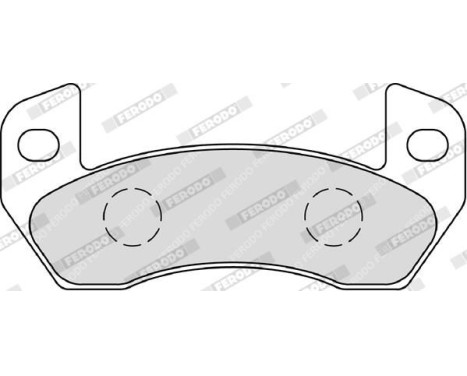 Brake Pad Set, disc brake PREMIER ECO FRICTION FDB4309 Ferodo, Image 4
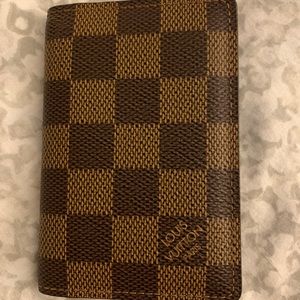 Louis Vuitton Damier Ebene Pocket Organizer Wallet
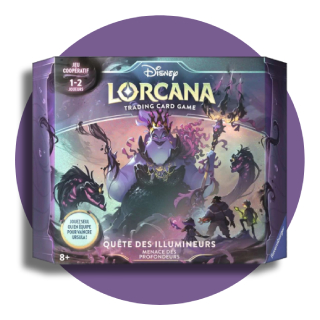 Boîte de jeu Lorcana - La Quête des Illumineurs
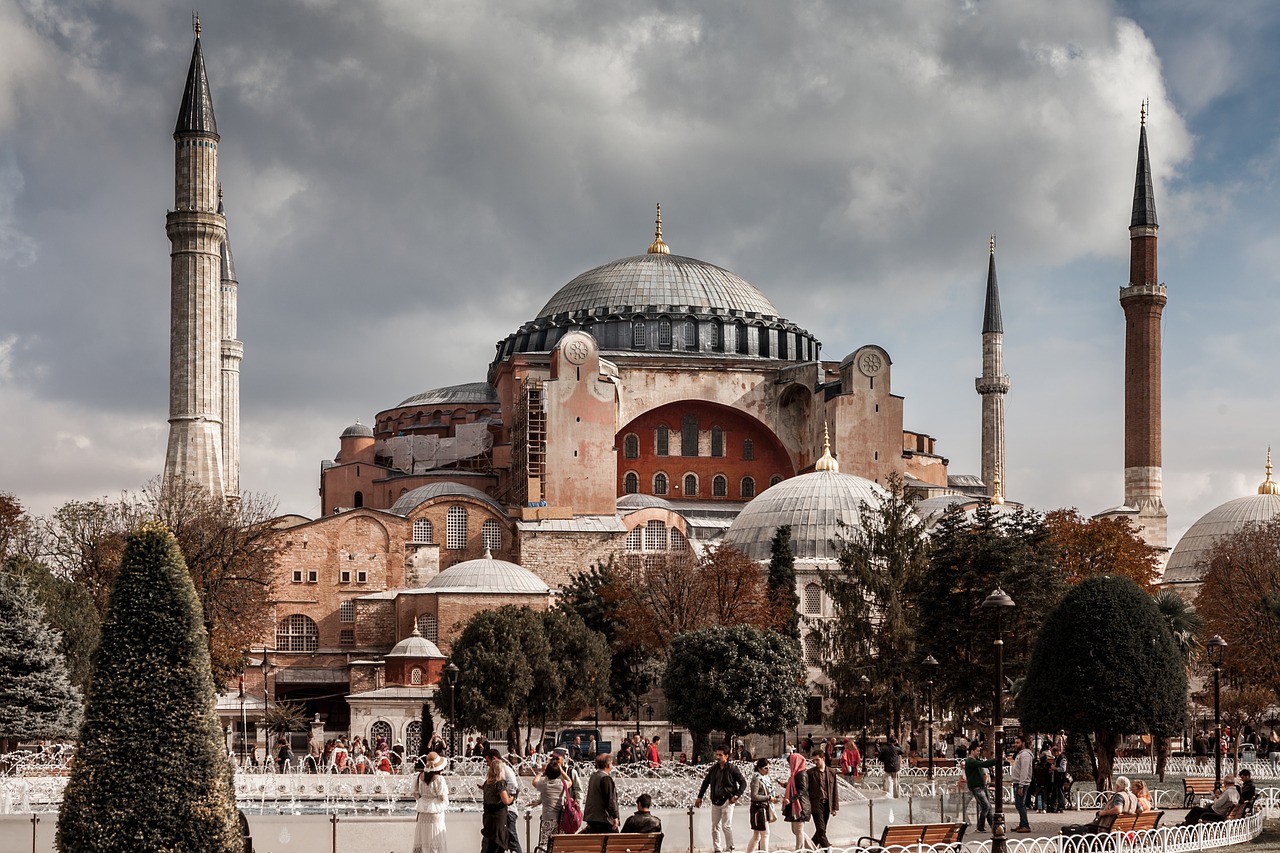 Mečetė, Istanbulas, Turkija, Paminklas, Religija, Ayasofya, Kelionė, Religinis, Pastatas, Islamo Mečetė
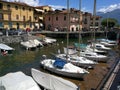 Cityscapes in Menaggio on the lakeside of Como Lake Royalty Free Stock Photo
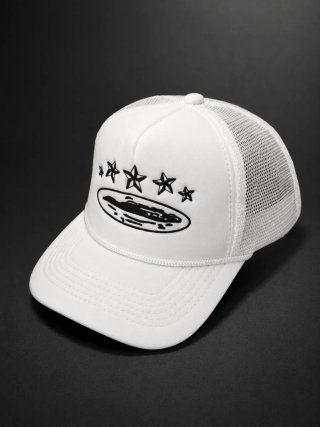 Boné Corteiz Branco Estrelas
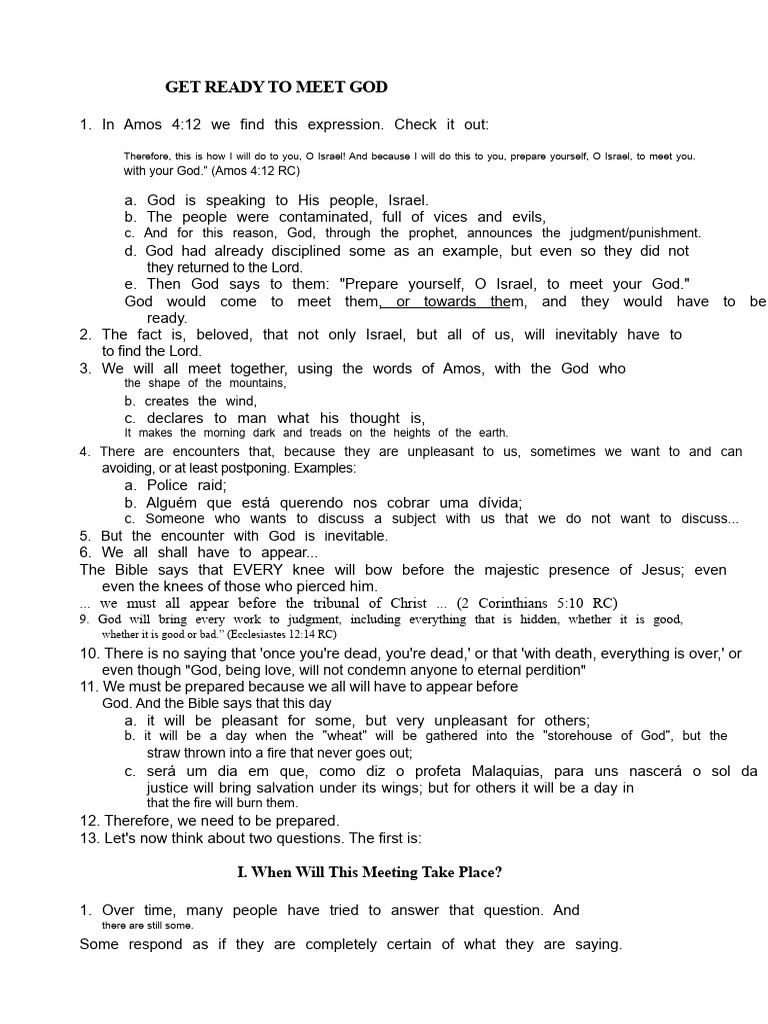 Prepare yourself to meet God PDF Eternal Life (Christianity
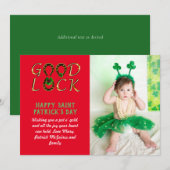 St Patrick's Day Greeting PHOTO Cards予算 (正面/裏面)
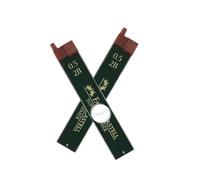 2X Miscellaneous Super-Polymer Fineline Lead, 0.5mm, Black, 2B, for Art, Craft, Drawing, Sketching, Compatible with Faber-Castell, Pilot, Steadler - Bundled by GetInStyle Shop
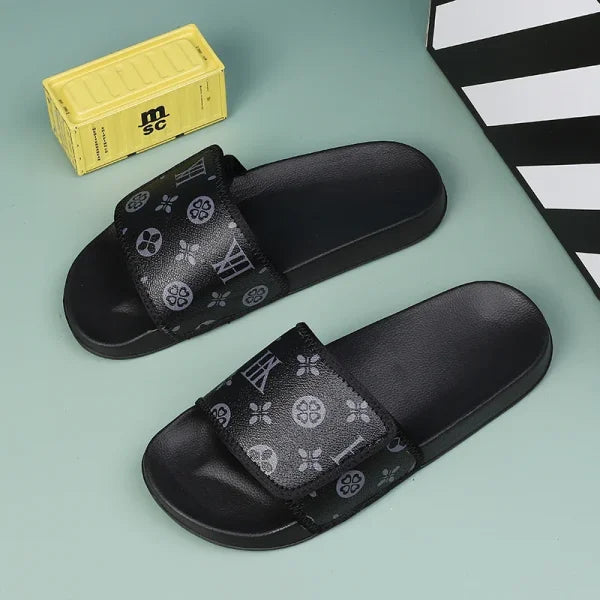 Men's Genuine Leather Sandals - Comfortable Summer Flip Flops & House Slippers - Himpall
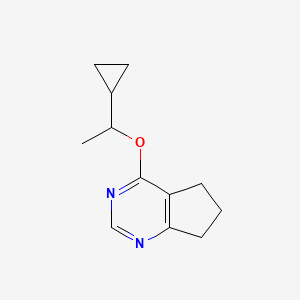 4-(1-cyclopropylethoxy)-5H,6H,7H-cyclopenta[d]pyrimidine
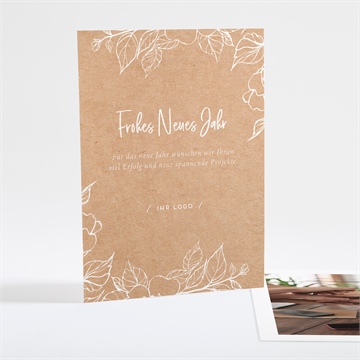 Weihnachtskarte filigrane blätter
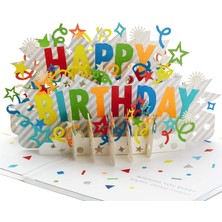 1001 Signature Paper Wonder Pop Up Doğum Günü Kartı (Happy Birthday)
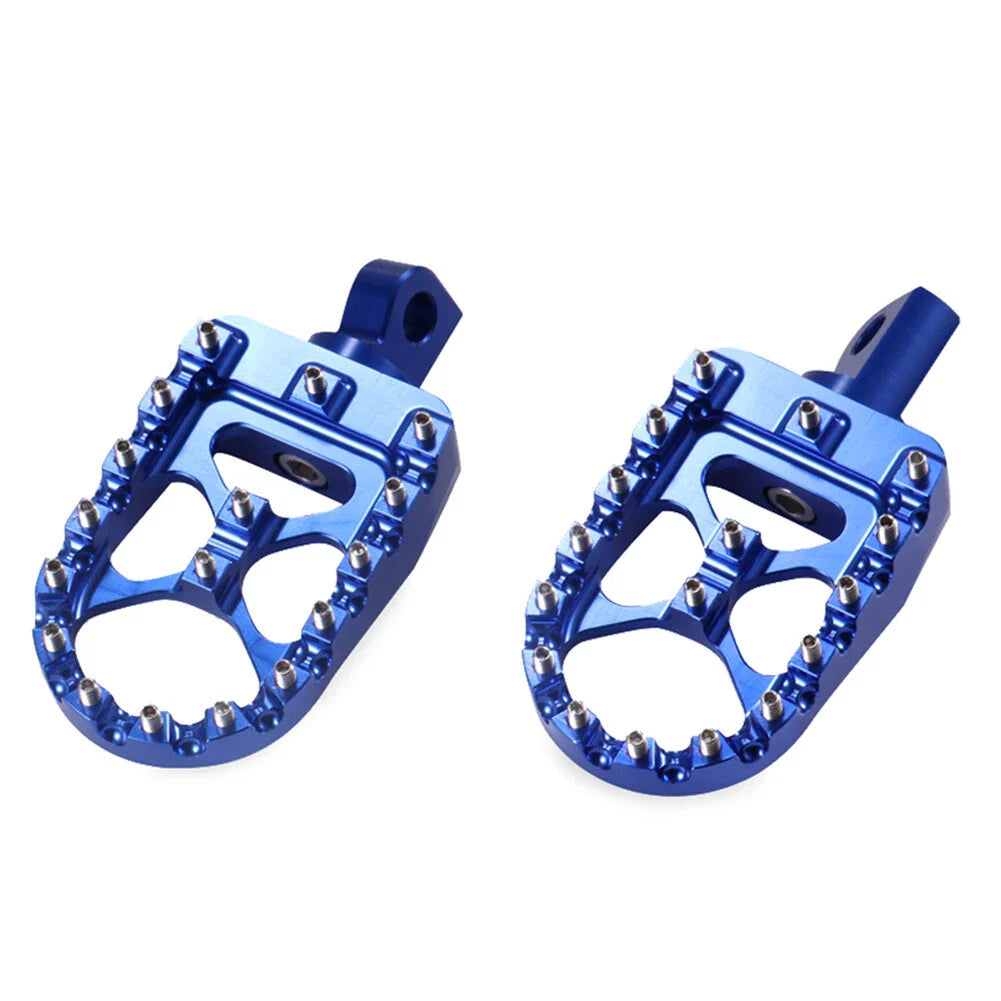 CNC Wide MX Style Foot Pegs for Harley Sportster, Softail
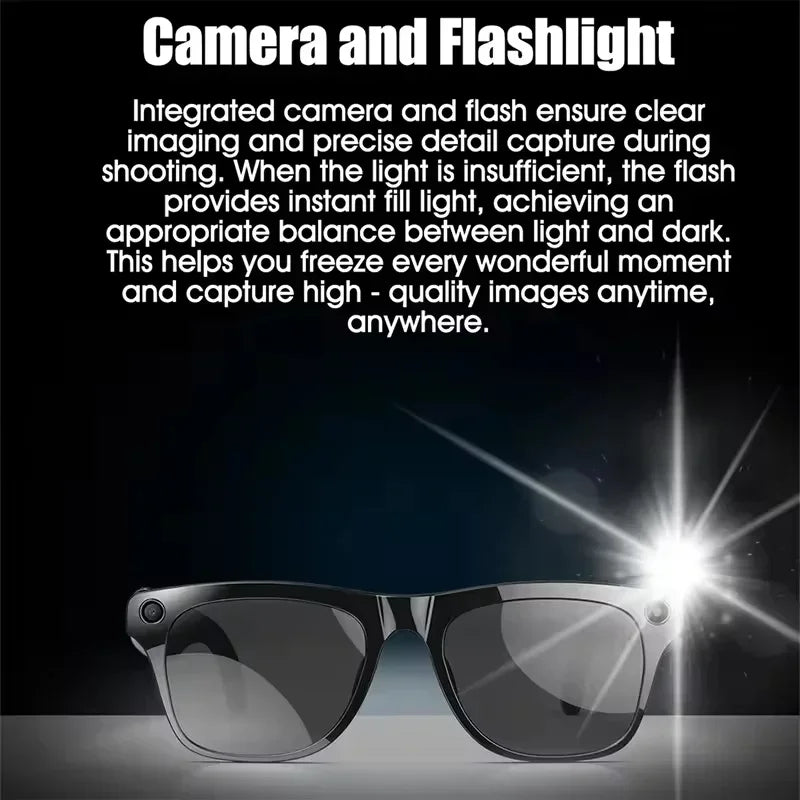 Xiaomi 6K HD AI Smart Glasses Chat 260Mah Battery Voice Assistant Control GPT 100MP Camera Bluetooth Call  Smart Glasses 2025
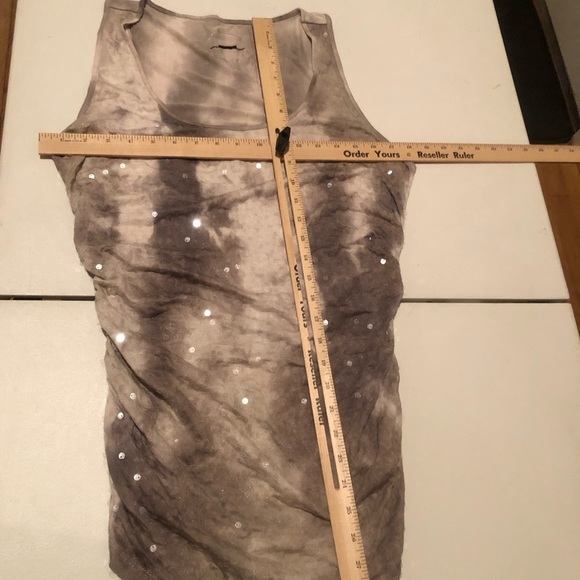 INC International Concepts size X-Large silvery gray sleeveless sequin tank top - Picture 5 of 7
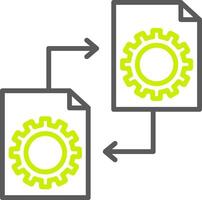 File Management Line Two Color Icon vector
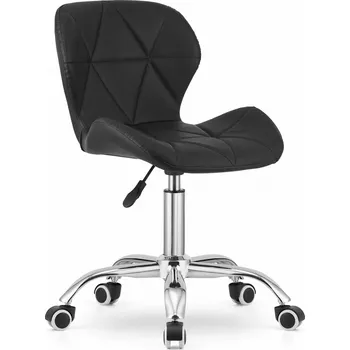 Černé kancelářské křeslo AVOLA z eko kůže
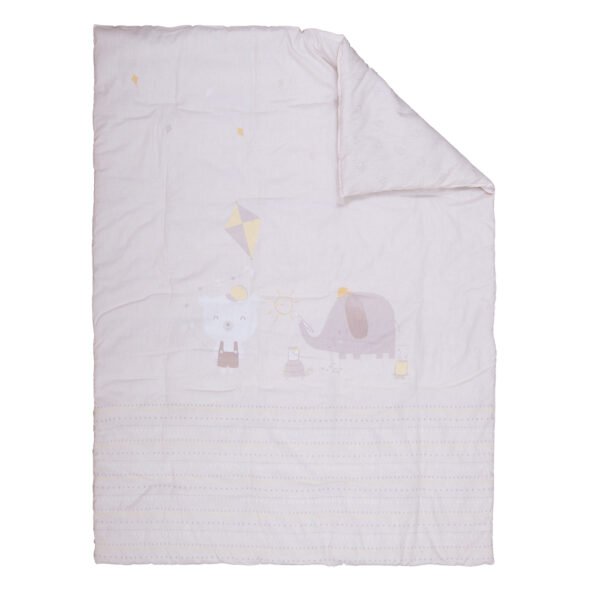 Κουβερλί Κούνιας 110×140 Nef Nef Happy Days Greige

*****

* [Exercise brief]: Among the entries above, locate the line with "Weihnachtskarte filigrane blätter" and the line with "INC International Concepts". Give those two lines and all lines between them again, exactly, leaving out the pictures.

* [Task output]:
 Weihnachtskarte filigrane blätter
 1001 Signature Paper Wonder Pop Up Doğum Günü Kartı (Happy Birthday)
 CNC Wide MX Style Foot Pegs for Harley Sportster, Softail
 Xiaomi 6K HD AI Smart Glasses Chat 260Mah Battery Voice Assistant Control GPT 100MP Camera Bluetooth Call  Smart Glasses 2025
 INC International Concepts size X-Large silvery gray sleeveless sequin tank top - Picture 5 of 7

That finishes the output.